What you will do:
Starting at the line that contains "Linda & Mike 114" and stopping after the line that contains "thumbnail interactive-video image", transcribe the listing below exactly; do not include any pictures.

Available data:
--- --- ---
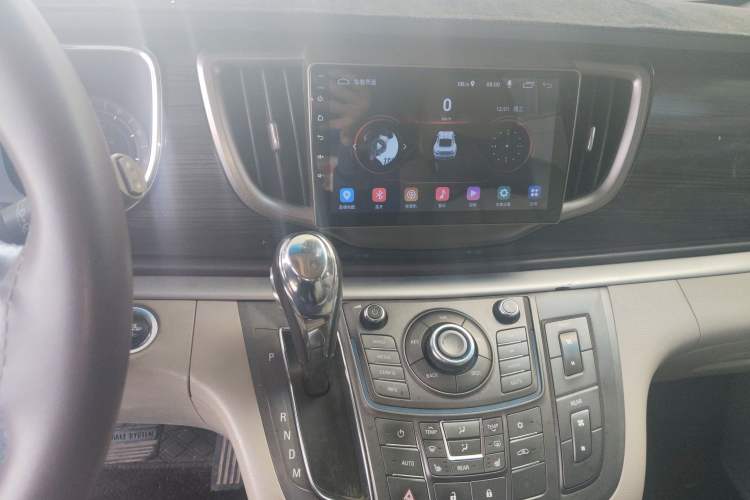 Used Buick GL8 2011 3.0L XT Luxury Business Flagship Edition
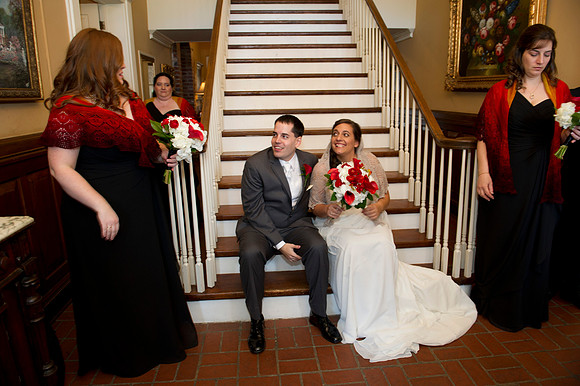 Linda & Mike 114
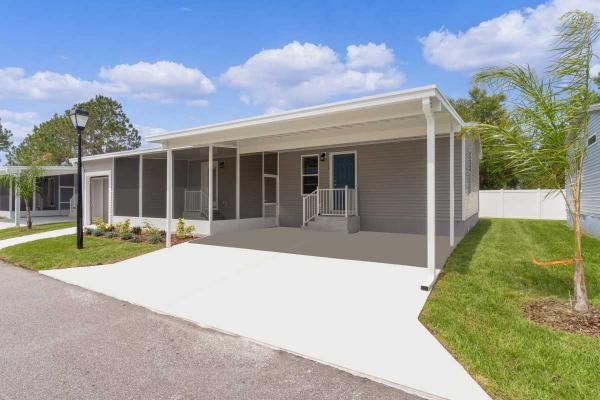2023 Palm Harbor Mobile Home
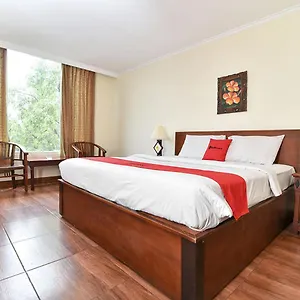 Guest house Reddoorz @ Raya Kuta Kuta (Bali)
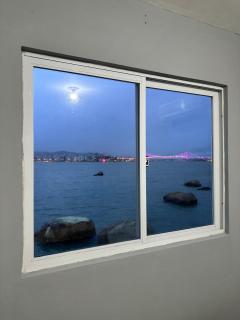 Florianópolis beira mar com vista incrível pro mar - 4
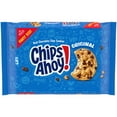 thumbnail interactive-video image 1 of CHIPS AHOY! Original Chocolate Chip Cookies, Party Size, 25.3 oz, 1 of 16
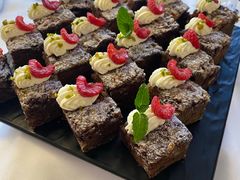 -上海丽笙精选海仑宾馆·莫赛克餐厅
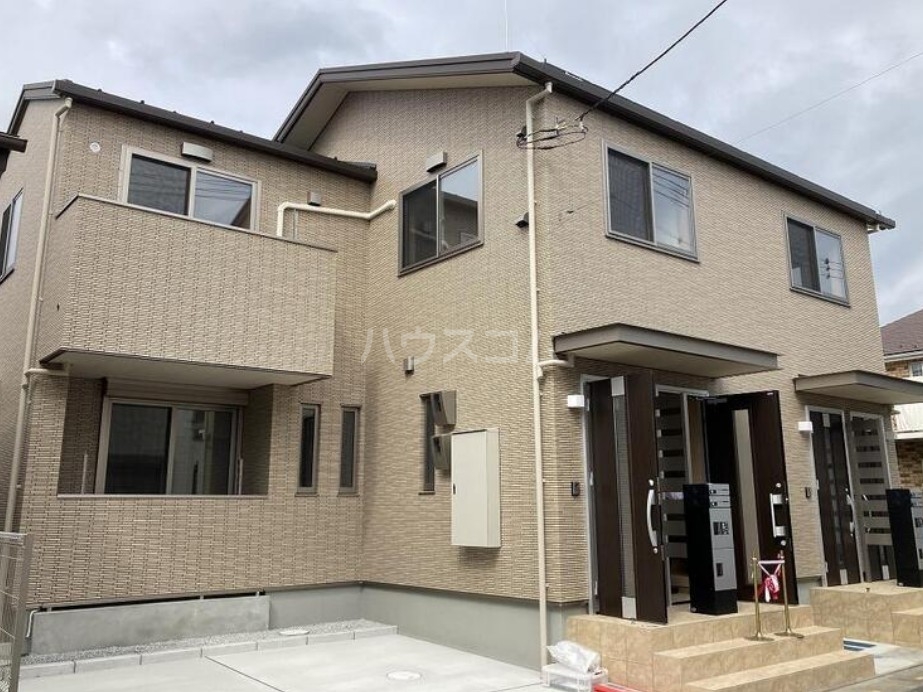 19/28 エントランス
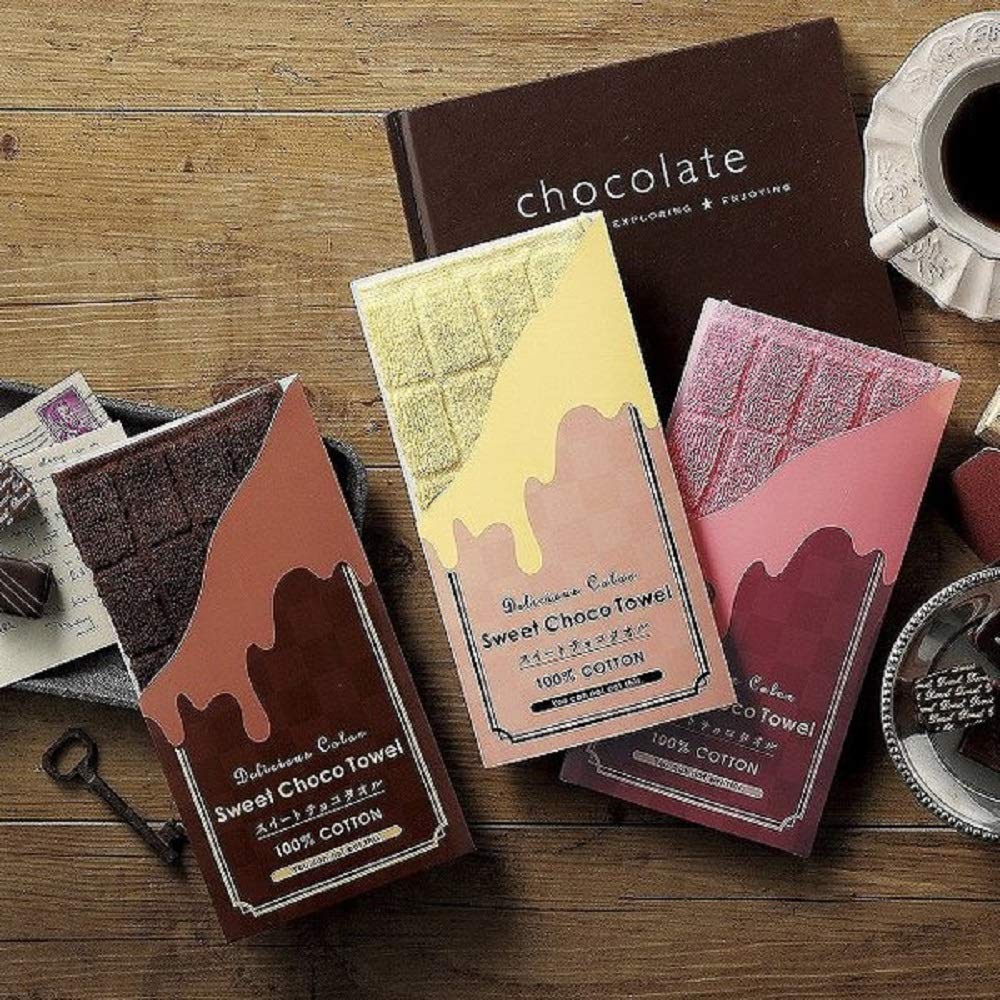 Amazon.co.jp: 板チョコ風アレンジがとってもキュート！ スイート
--- --- ---
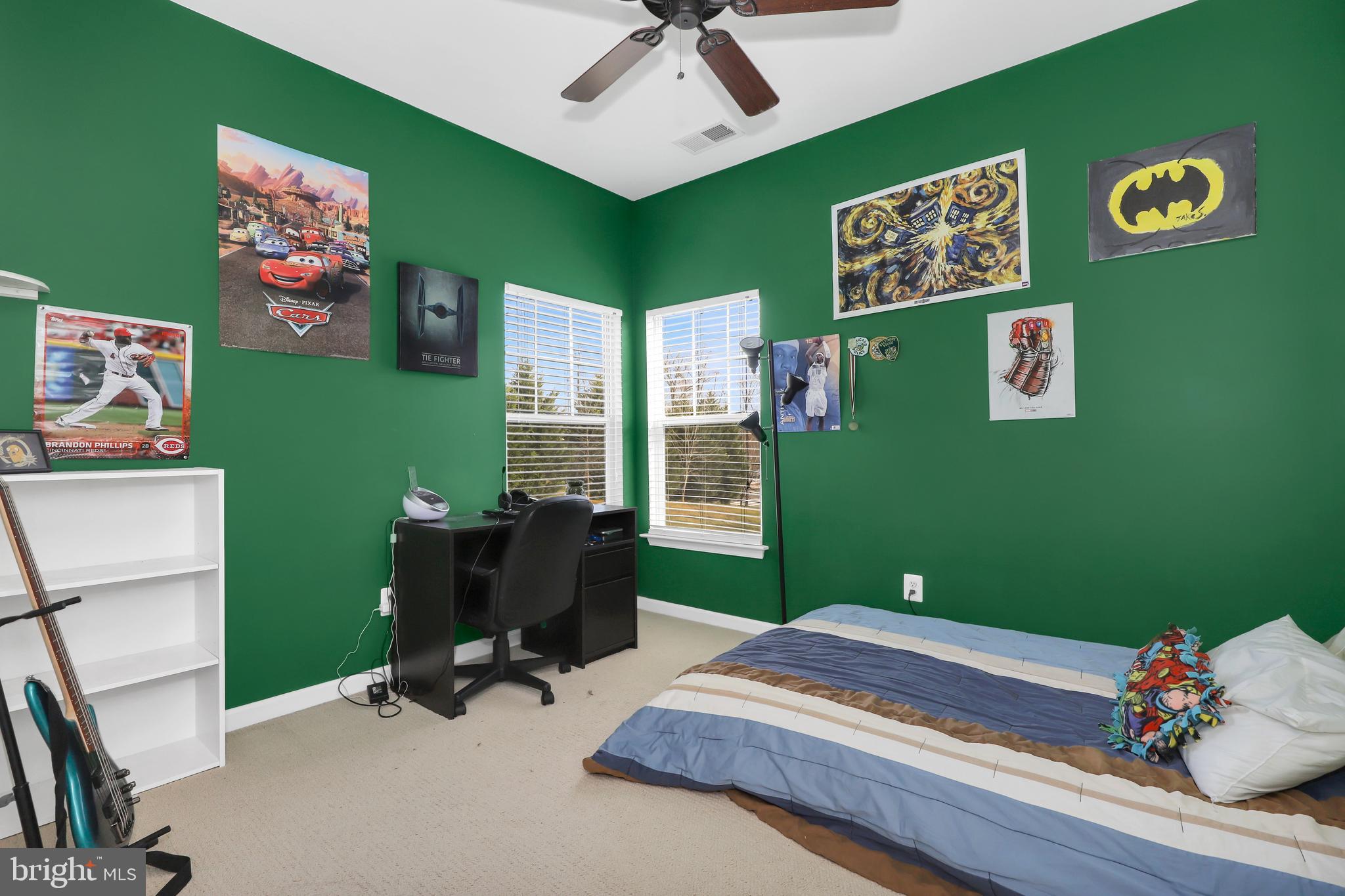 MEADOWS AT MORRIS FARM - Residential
--- --- ---
Answer to this exercise:
 Linda & Mike 114
2023 Palm Harbor Mobile Home
 Guest house Reddoorz @ Raya Kuta Kuta (Bali)
 Florianópolis beira mar com vista incrível pro mar - 4
 thumbnail interactive-video image 1 of CHIPS AHOY! Original Chocolate Chip Cookies, Party Size, 25.3 oz, 1 of 16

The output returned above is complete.